What the task requires >>
Your answer must match, word for word, the lines from the one holding "Creative horizontal website" through the final line below, with pictures excluded.

Supplied data >>
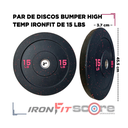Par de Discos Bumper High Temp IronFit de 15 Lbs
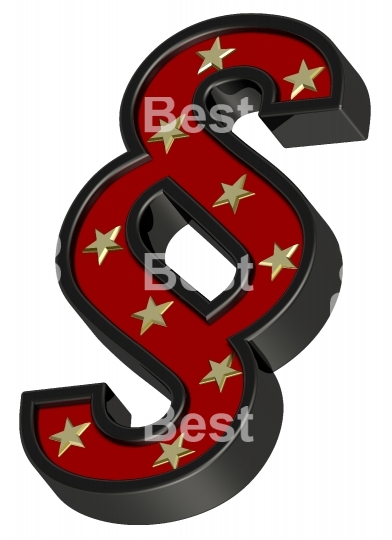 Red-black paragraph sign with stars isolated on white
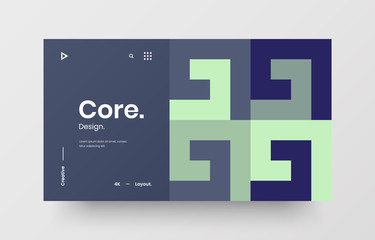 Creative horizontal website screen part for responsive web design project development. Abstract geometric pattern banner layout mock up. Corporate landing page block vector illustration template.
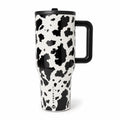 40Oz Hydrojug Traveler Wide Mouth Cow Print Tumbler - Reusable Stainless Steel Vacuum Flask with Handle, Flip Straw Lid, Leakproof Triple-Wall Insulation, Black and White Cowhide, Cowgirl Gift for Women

Response to the task >>
 Creative horizontal website screen part for responsive web design project development. Abstract geometric pattern banner layout mock up. Corporate landing page block vector illustration template.
 40Oz Hydrojug Traveler Wide Mouth Cow Print Tumbler - Reusable Stainless Steel Vacuum Flask with Handle, Flip Straw Lid, Leakproof Triple-Wall Insulation, Black and White Cowhide, Cowgirl Gift for Women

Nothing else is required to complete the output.